Segment Start: DATA UNDER STUDY

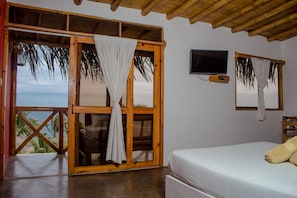 Standard-Doppelzimmer, 1 Queen-Bett, Meerblick | Individuell eingerichtet, Bettwäsche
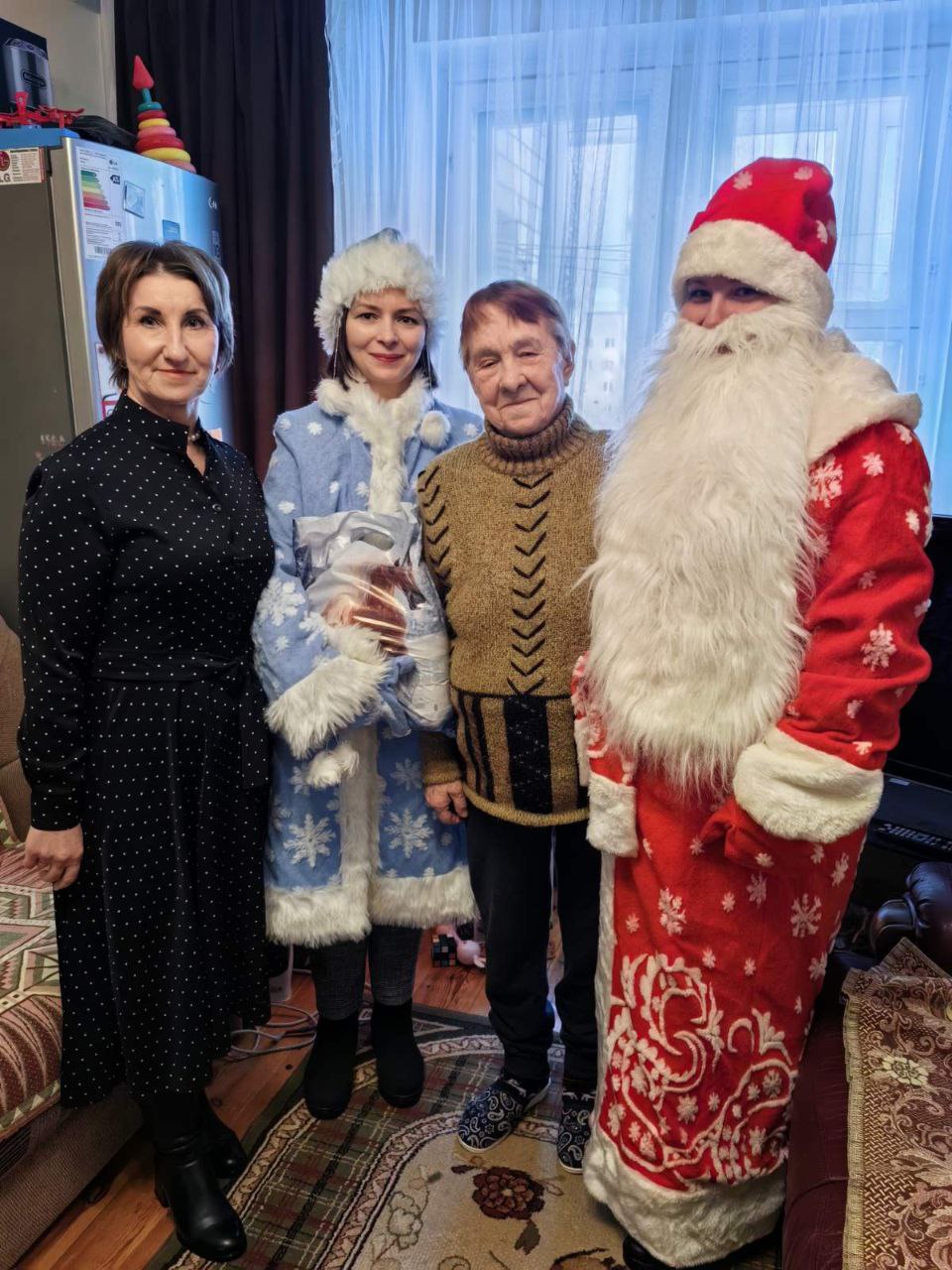 В Шклове в рамках акции «От всей души» необычные гости поздравили бывших узников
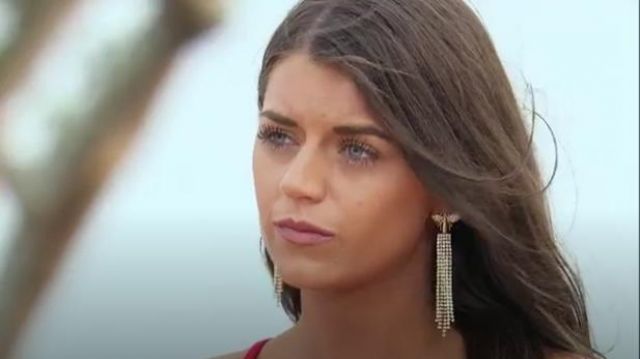 Get Stung Ear­rings worn by Madison P. in The Bachelor Season 24 Episode 10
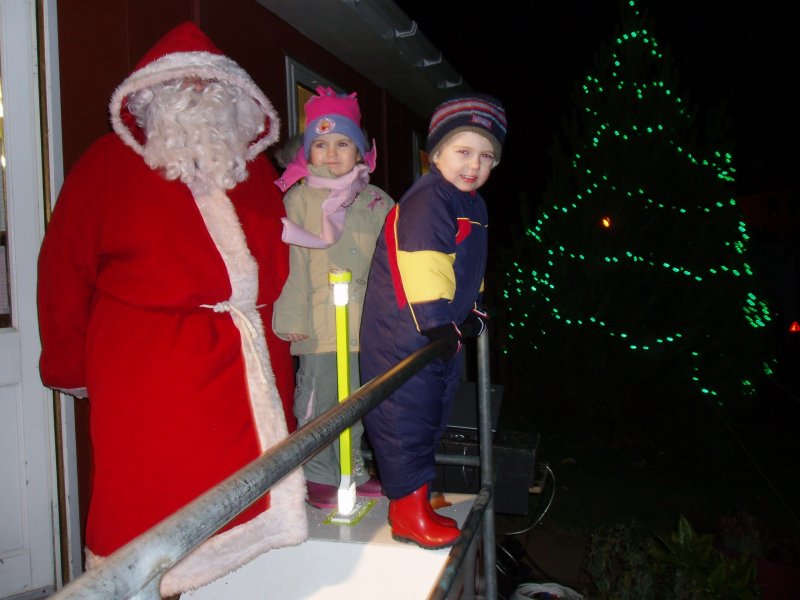 Photo: Caitlan Sutherland and Euan MacGregor Switch On Ormlie Christmas Lights 2005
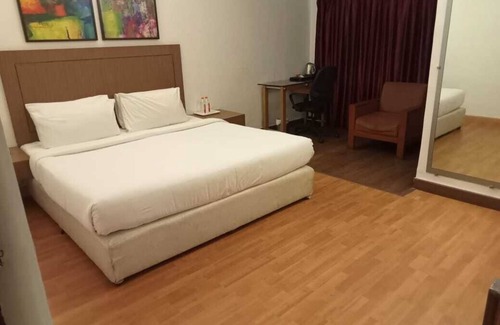 Egmore Hotel | Marina Inn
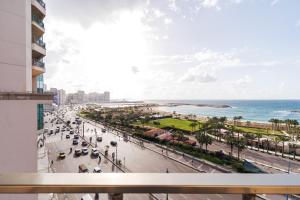 mit Blick auf eine Stadtstraße und das Meer in der Unterkunft Nabeel Homes Boutique Hotel - G9 in Alexandria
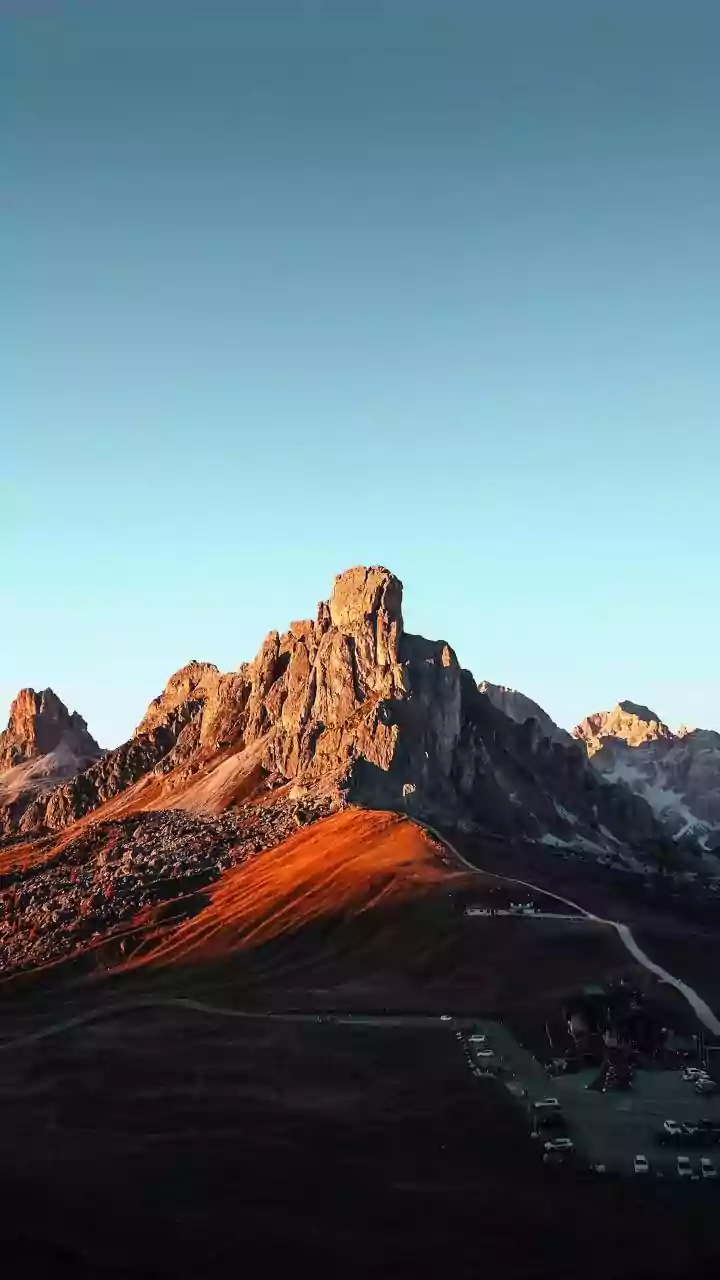 Clear Skies Make Mountain Reels Look Unreal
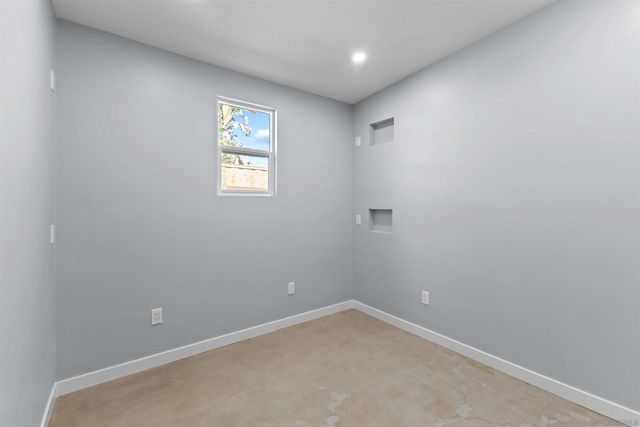 4827 Bayard St, San Diego, CA 92109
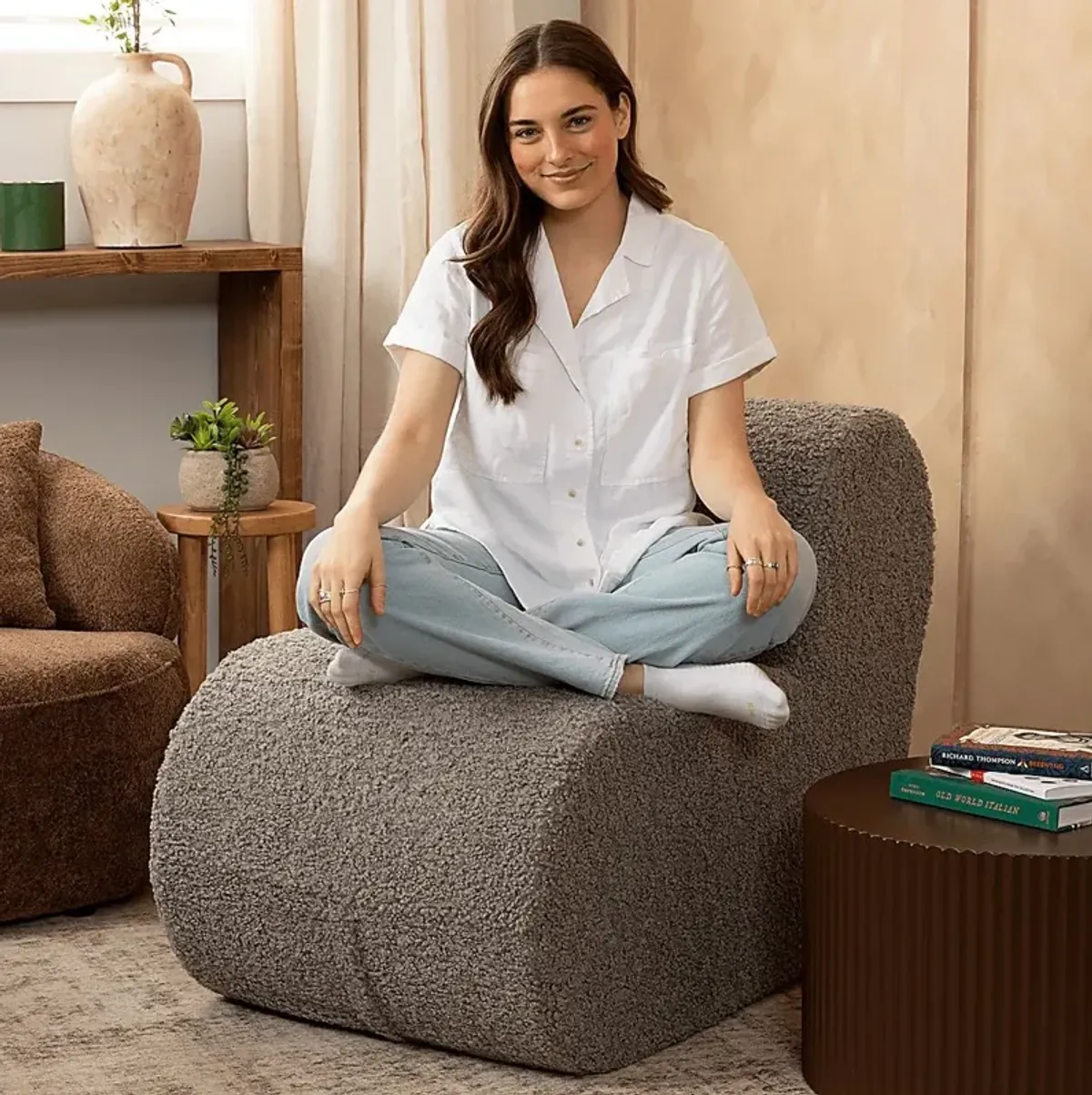 Zinei Gray Accent Chair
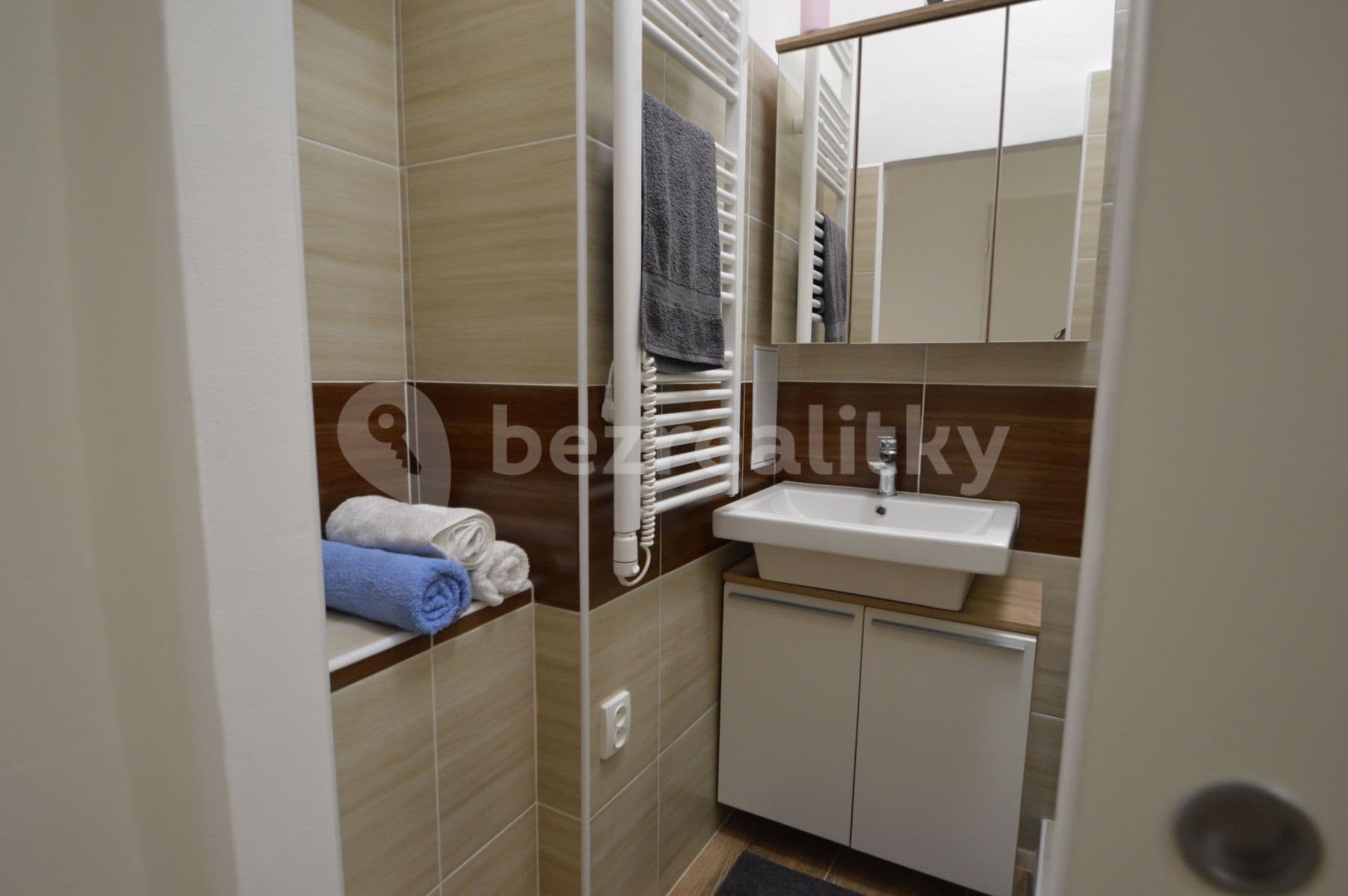 Pronájem bytu 1+1 48 m², Domažlická, Praha, Praha Pronájem bytu 1+1 48 m², Domažlická, Praha, Praha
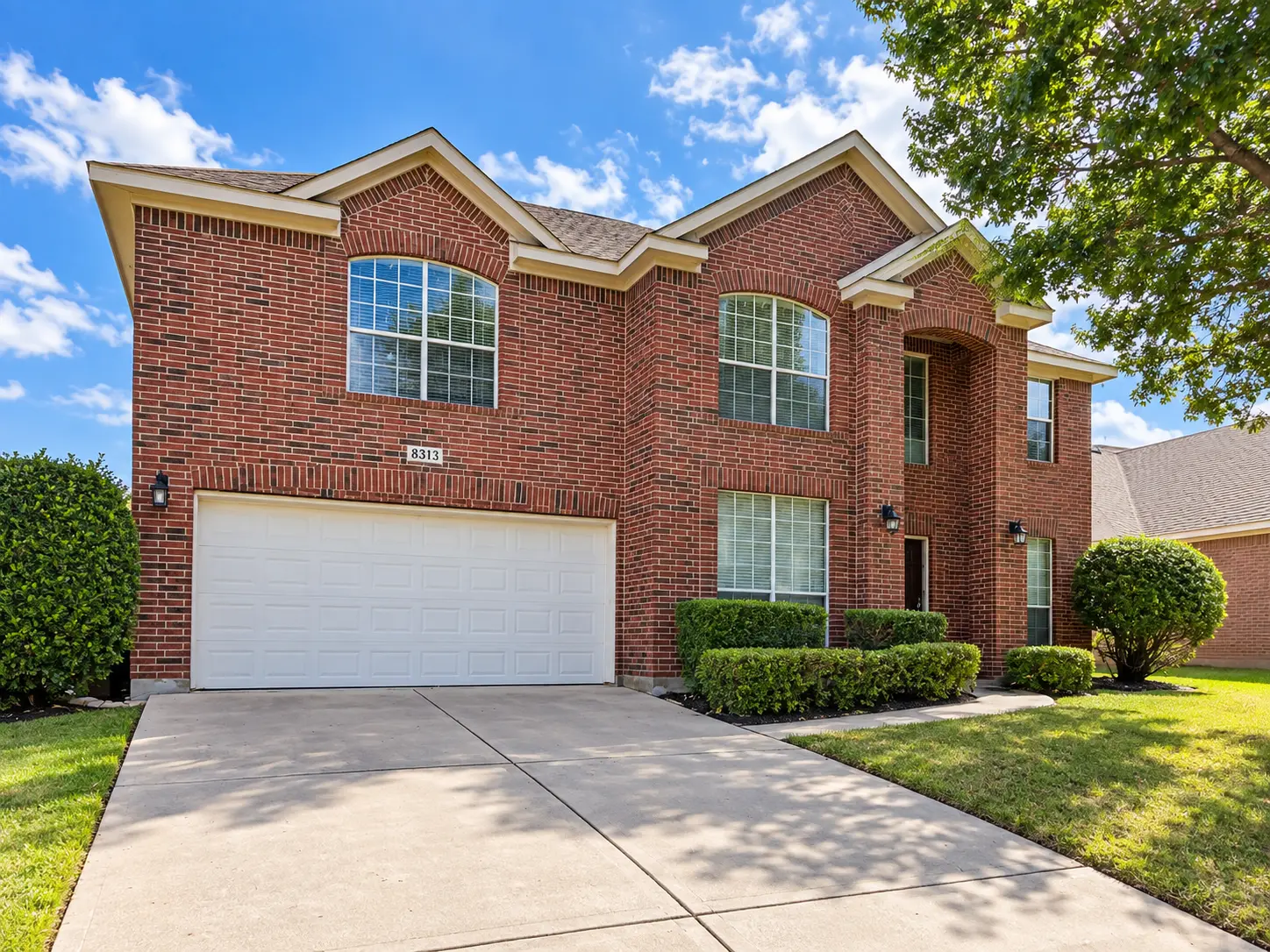 8313 Rock Canyon Ct, Fort Worth, TX 76123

Segment End: DATA UNDER STUDY

PROBLEM TO SOLVE: The answer must repeat every line of the listing exactly and leave the pictures out.

WORKED SOLUTION:
 Standard-Doppelzimmer, 1 Queen-Bett, Meerblick | Individuell eingerichtet, Bettwäsche
 В Шклове в рамках акции «От всей души» необычные гости поздравили бывших узников
 Get Stung Ear­rings worn by Madison P. in The Bachelor Season 24 Episode 10
 Photo: Caitlan Sutherland and Euan MacGregor Switch On Ormlie Christmas Lights 2005
 Egmore Hotel | Marina Inn
 mit Blick auf eine Stadtstraße und das Meer in der Unterkunft Nabeel Homes Boutique Hotel - G9 in Alexandria
 Clear Skies Make Mountain Reels Look Unreal
 4827 Bayard St, San Diego, CA 92109
 Zinei Gray Accent Chair
 Pronájem bytu 1+1 48 m², Domažlická, Praha, Praha Pronájem bytu 1+1 48 m², Domažlická, Praha, Praha
 8313 Rock Canyon Ct, Fort Worth, TX 76123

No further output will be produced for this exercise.